Now that we have codified the scoring part, the next step is to determine the requirements regarding the transcripts that should be accepted into our annotation. Given the simplicity of the organism, we can satisfy ourselves with the following two requirements:

• No transcript should be shorter than 75 bps (minimum length for coding transcripts)
• No transcript should have an intron longer than ~2600 bps (in the annotation the maximum is 2,526); we can be slightly more permissive here and set the limit at 3,000 bps.

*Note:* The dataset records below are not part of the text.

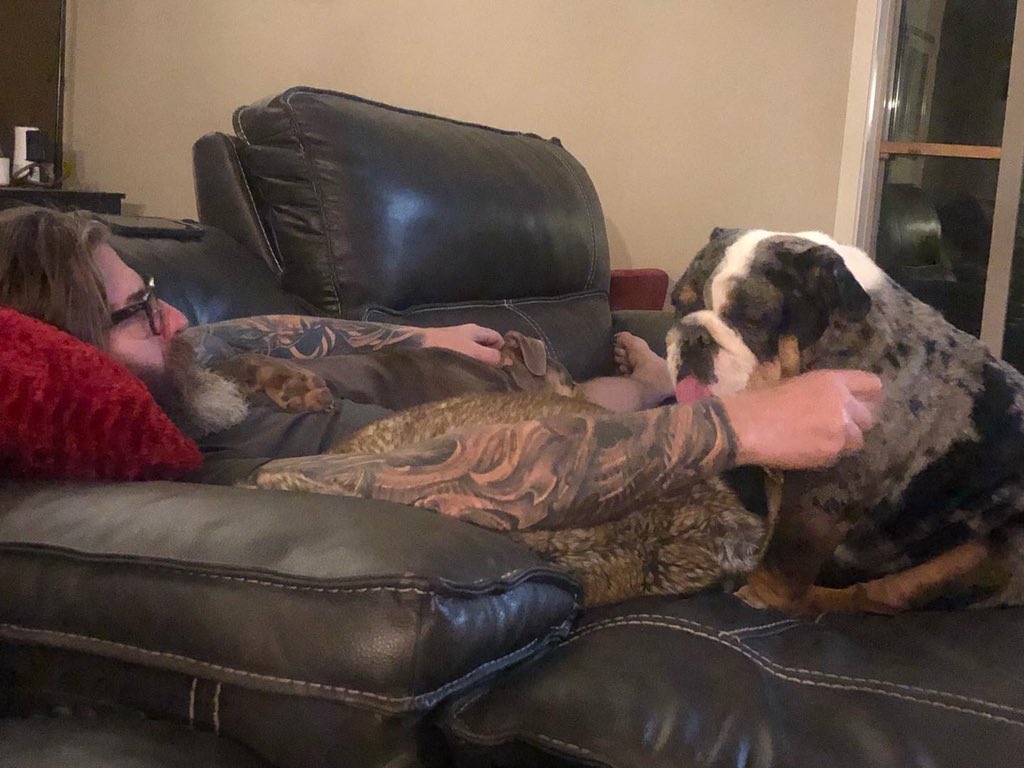 BulldogBurrito's tweet photo. In my favorite spot next to my daddy 🐾 #bulldogsoftwitter #dogsoftwitter https://t.co/2500vyFDmj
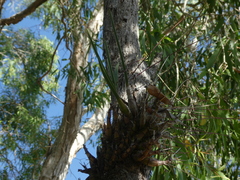Dendrobium canaliculatum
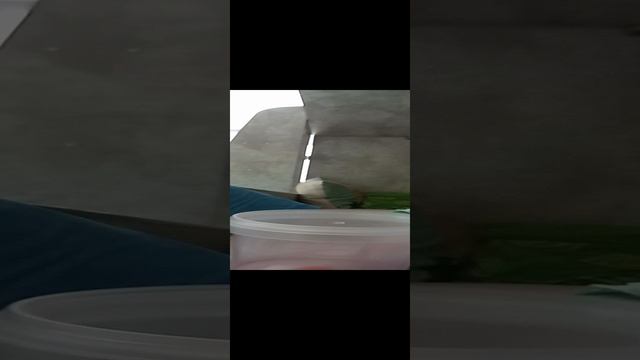 Проект стиралки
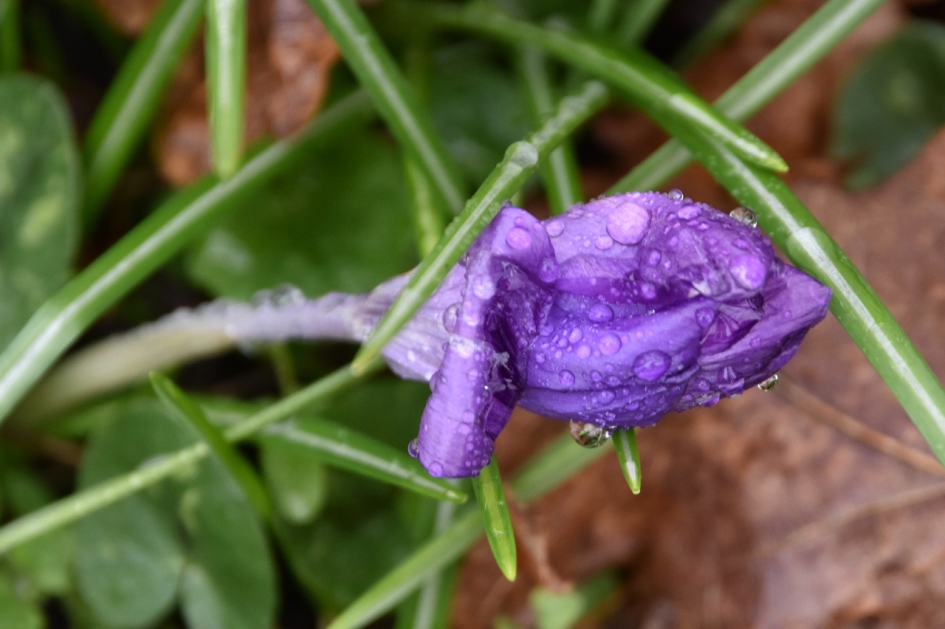 Krokus met regendruppels - Planten - 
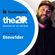 Steve1der: how DJ AM changed the game, DJing for Robert Downey Jr. | 20 Podcast image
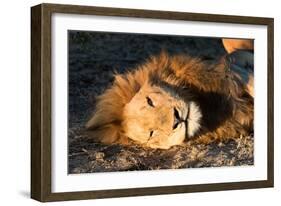 Awesome South Africa Collection - Lion Sleeping at Sunset II-Philippe Hugonnard-Framed Photographic Print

This will yield the following, very simple requirements section:

requirements:
    expression:
        - cdna_length and max_intron_length
    parameters:
        cdna_length: {operator: ge, value: 75}
        max_intron_length: {operator: lt, value: 3000}

6.1.2. Modifying the general configuration file

The second step in the customization process is to personalize the general configuration. On the basis of what we know of S. pombe, we have to intervene here in the following way:

• set the intron range: per above, a reasonable setting should be 36-412.
• set the clustering flank: given the very compact size of the genome, we should aim for something very small - probably 50bps is plenty.
• given the very compact size of the genome and the general lack of splicing, it is also advised to set Mikado to split any chimeric transcripts - the chances are very, very high that any such occurrence is artifactual.
• make alternative splicing calling a very rare occurrence

First of all, we will download our genome in a single file (genome.fasta). We will use the pretty boilerplate A. thaliana scoring configuration as our starting block, and we will ask Daijin to copy it to the current location.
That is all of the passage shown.